The microservice interface section (srv)

The field srv is used to describe the connectivity of a component, that is, the set of channels it exposes, or, as we refer to in Kumori Platform, its microservice interface.

A microservice interface consists of a set of client channels and a set of server channels. A client channel represents a dependency on some other microservice, whereas a server channel represents a functionality provided by the component through an endpoint.

The structure of the srv section is defined by this CUE code

srv: {
  client: [string]: #Channel
  server: [string]: #Server
}

Client channels are the fields of the structure introduced in the client field of the srv section. Server channels are the fields of the structure introduced by the server field of the srv section.

Client channels must adhere to the definition #Channel, which introduces the field protocol, to describe the channel’s protocol.

#Channel: {
  protocol: "udp" | "tcp" | *"http" | "grpc"
}

As seen in the definition, only four generic protocols are allowed. The purpose is to help developers/integrators by verifying compatibility at some level of connected channels. Currently, no verification is carried out, and a very basic ad-hoc verification is planned for the near future.

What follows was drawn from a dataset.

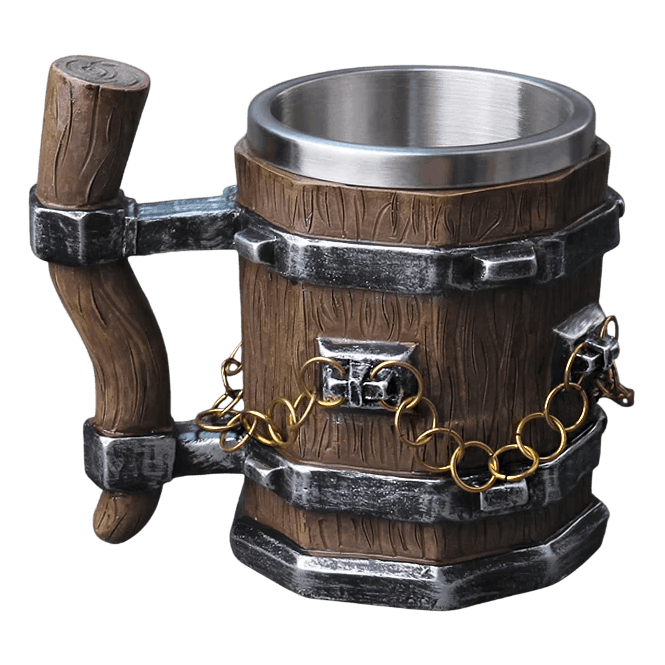 Chope viking tonneau avec chaine doree et cerclages metal argente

Note that in the absence of a protocol specification, the spec assumes "http" by default.

#Server: {
  #Channel
  port: uint16 | *80
}

Server channel specifications add an extra field to client channel specifications: the port number, which, by default is 80.

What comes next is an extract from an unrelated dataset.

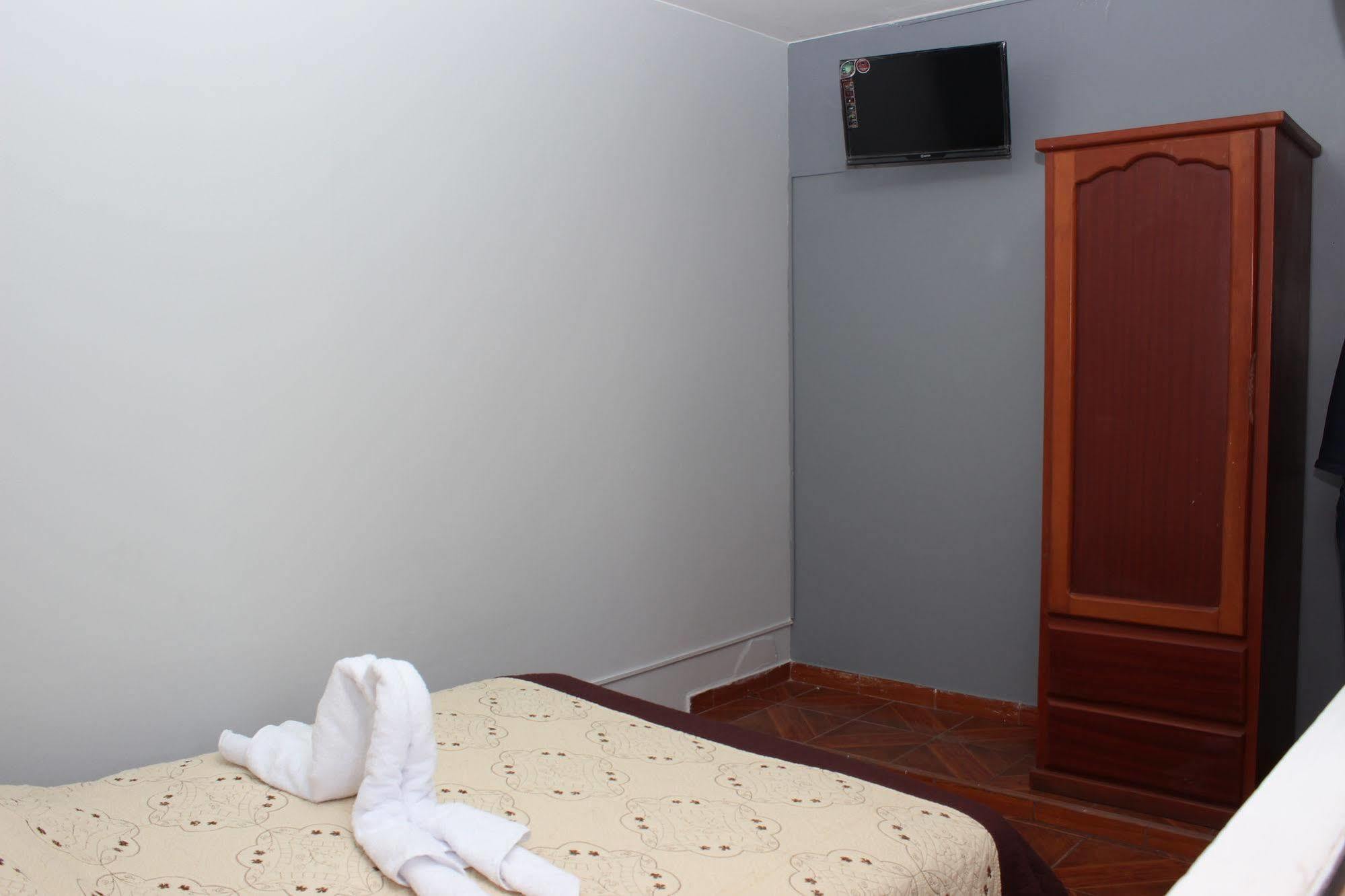 Hostal Las Fresas Lima Airport Callao Exterior foto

The following is an example of a srv section:

srv: {
  server: mainfunc: {
    protocol: "http"
    port: 8080
  }
  client: maindependency: {
    protocol: "http"
  }
}

The example defines a server channel named mainfunc, using protocol "http", operating at port 8080. It also defines a client channel, named maindependency, using protocol "http".

Duplex channels

In addition to client and server channels, a component’s microservice section can also define a duplex channel. Conceptually, duplex channels code both a client and a server channel. They are designed to model endpoints used to initiate requests as well as serve them. Duplex channels are useful in scenarios where a group of instances must carry out complex coordination protocols (e.g., consensus), and each one of those instances plays both a "client" and a "server" role.

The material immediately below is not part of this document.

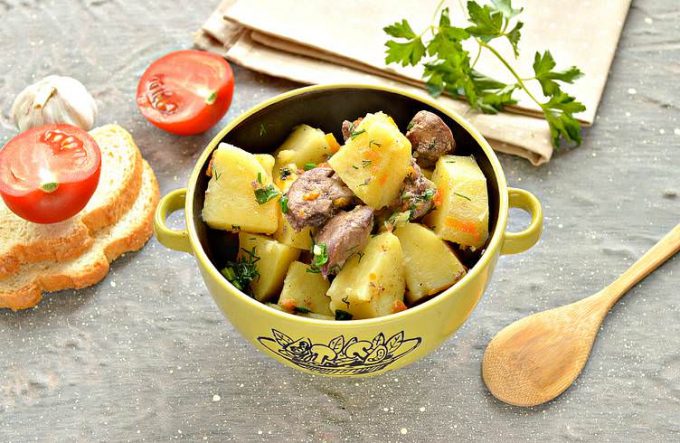 Тушкована картопля з курячою печінкою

Their definition follows the same pattern as that for the other types of channels

srv: {
  duplex: group: {
    protocol: "tcp"
    port: 8080
  }
}

Notice that duplex channels must also provide a port number (where the component binds to serve arriving requests)

Service discovery and client channels

Service discovery is the method by which a client can find the server endpoint it needs to initiate a request.

In Kumori Platform service discovery uses DNS resolution and client channels in a very straightforward way, according to the following rules:

Every service endpoint is represented as a dependency channel, that is, as a client channel.
A service endpoint may point to multiple versions of a dependency. Each such version is tagged by a number in the range 0…N, where N is the number of versions available.
- Notice that tag 0 always exists, and represents the only available version when only one version exists.
Each of the available service endpoints themselves can be reached using the client channel name, pre-pended with the tag number, as the name of the node providing the service. E.g., to discover the service behind a client channel chn, for its version tagged with number 0, a component should resolve the name 0.chn
The ports of those nodes providing the service can be found requesting the SRV records linked to the client channel name.
When a client channel is linked to a full connector, the set of server endpoints is returned when requesting resolution of the channel name.
When a client channel is linked to a lb connector, DNS resolution returns a load balanced address. However, resolution of the special subdomain set.<tag>.<channel> returns the full set of configured endpoints behind the lb connector. This is useful when load balancing is to be carried out from the client side.
The set of configured, but ready endpoints can be retrieved resolving ready.<tag>.chn.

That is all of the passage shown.